● **GIVEN INFORMATION**:
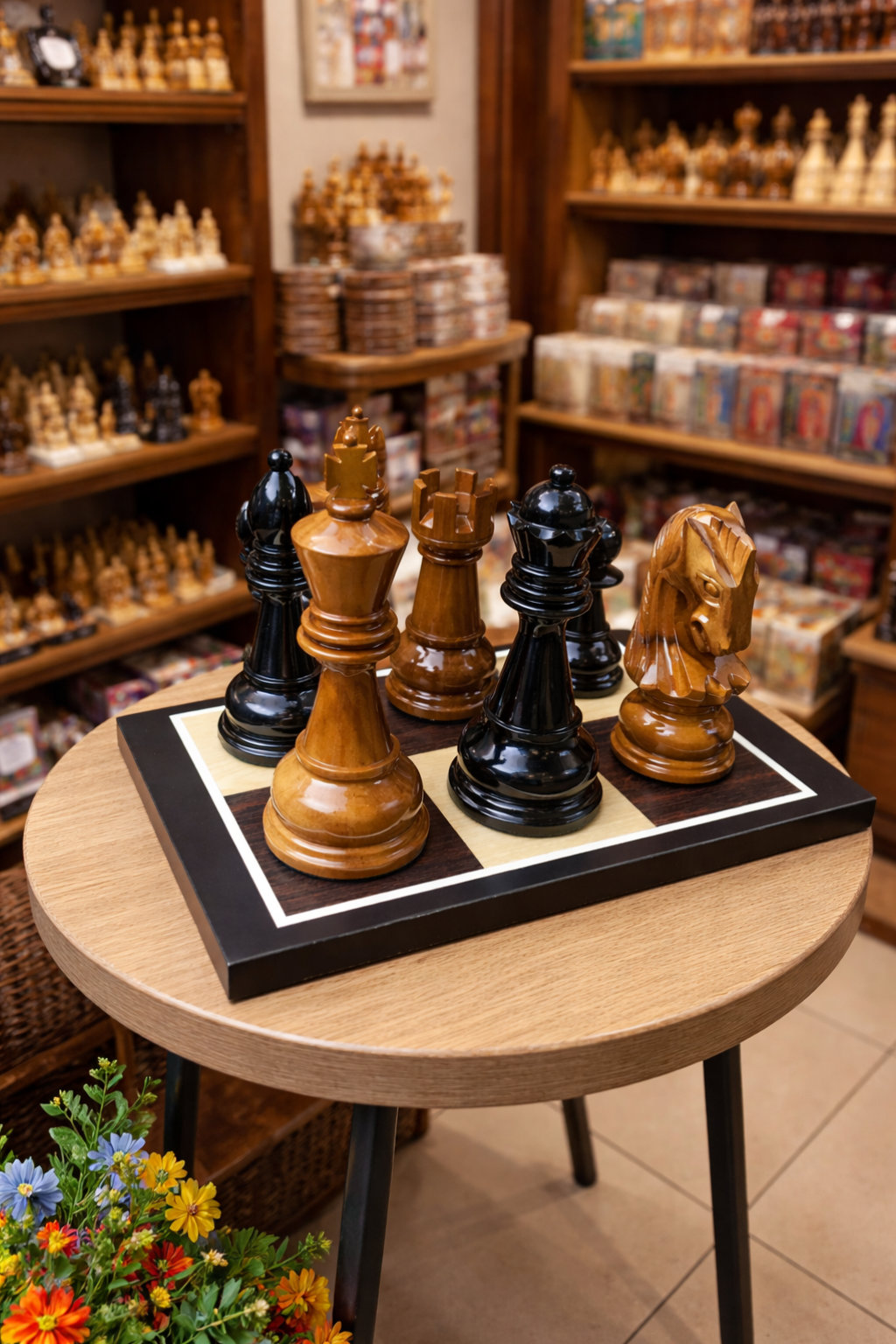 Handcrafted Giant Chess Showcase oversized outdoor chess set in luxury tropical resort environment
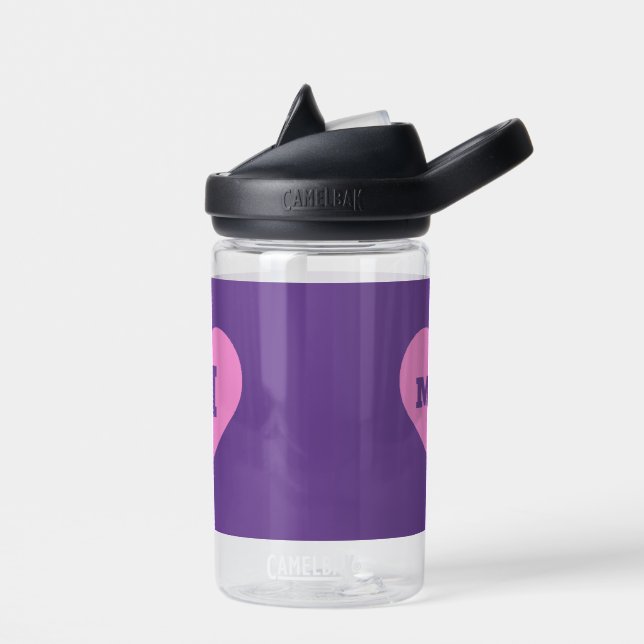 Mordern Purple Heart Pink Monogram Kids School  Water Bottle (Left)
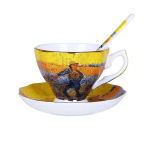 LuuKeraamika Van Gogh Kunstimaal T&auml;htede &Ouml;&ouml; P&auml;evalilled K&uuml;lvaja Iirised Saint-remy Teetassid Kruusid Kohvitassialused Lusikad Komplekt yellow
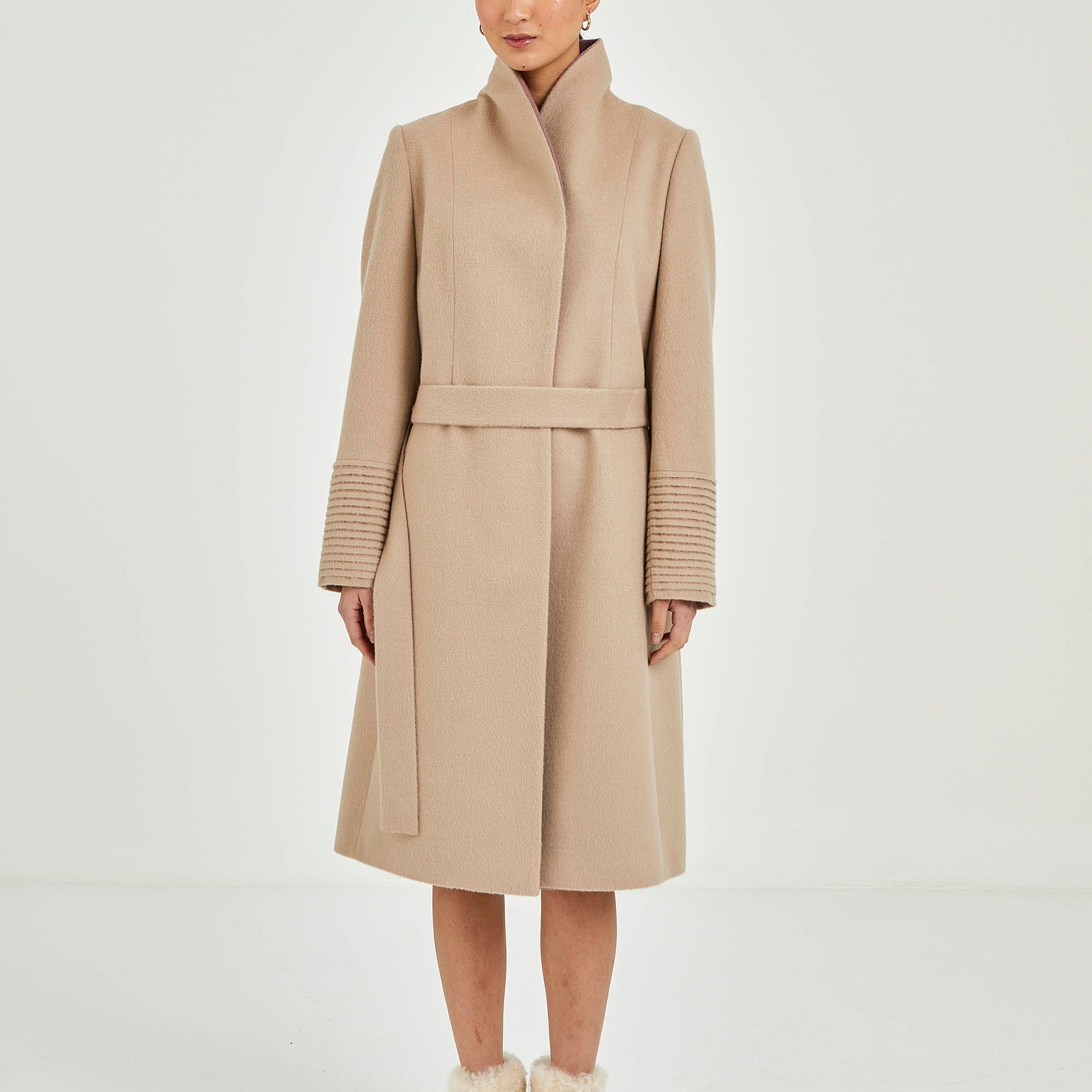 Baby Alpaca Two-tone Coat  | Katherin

● **PROBLEM DETAILS**: With images omitted, output the data exactly as given.

● **ANSWER TO THE EXERCISE**:
 Handcrafted Giant Chess Showcase oversized outdoor chess set in luxury tropical resort environment
 Mordern Purple Heart Pink Monogram Kids School  Water Bottle (Left)
 LuuKeraamika Van Gogh Kunstimaal T&auml;htede &Ouml;&ouml; P&auml;evalilled K&uuml;lvaja Iirised Saint-remy Teetassid Kruusid Kohvitassialused Lusikad Komplekt yellow
 Baby Alpaca Two-tone Coat  | Katherin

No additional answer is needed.